Exercise goal:
Where the line with "1699 Sherwood Ave — Photo 9" appears below, start writing out lines exactly, and finish with the line with "5th image of 2908 Oakwood Dr", which is included; write out nothing else.

Data section:
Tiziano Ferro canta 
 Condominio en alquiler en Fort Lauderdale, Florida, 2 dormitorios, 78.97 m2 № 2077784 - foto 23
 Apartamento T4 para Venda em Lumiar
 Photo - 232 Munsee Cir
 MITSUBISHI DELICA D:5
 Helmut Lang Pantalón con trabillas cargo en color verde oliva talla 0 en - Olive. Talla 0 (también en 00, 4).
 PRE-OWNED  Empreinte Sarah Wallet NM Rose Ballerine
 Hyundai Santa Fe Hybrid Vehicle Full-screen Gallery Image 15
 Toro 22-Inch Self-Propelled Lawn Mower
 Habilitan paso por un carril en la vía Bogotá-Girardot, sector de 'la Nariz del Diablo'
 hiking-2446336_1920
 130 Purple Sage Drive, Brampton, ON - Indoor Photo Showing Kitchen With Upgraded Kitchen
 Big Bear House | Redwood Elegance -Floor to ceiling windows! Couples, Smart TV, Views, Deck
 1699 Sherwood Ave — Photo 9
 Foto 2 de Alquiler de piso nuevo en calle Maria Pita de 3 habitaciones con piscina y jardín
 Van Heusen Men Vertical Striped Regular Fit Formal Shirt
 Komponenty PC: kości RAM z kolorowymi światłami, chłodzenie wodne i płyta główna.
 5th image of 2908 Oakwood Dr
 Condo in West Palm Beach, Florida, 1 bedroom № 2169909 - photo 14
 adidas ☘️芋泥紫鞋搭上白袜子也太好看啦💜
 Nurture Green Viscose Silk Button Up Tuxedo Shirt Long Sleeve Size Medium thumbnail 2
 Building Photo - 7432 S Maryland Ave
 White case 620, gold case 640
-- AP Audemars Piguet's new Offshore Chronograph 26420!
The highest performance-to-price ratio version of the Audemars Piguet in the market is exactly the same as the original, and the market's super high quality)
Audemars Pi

Exercise answer:
 1699 Sherwood Ave — Photo 9
 Foto 2 de Alquiler de piso nuevo en calle Maria Pita de 3 habitaciones con piscina y jardín
 Van Heusen Men Vertical Striped Regular Fit Formal Shirt
 Komponenty PC: kości RAM z kolorowymi światłami, chłodzenie wodne i płyta główna.
 5th image of 2908 Oakwood Dr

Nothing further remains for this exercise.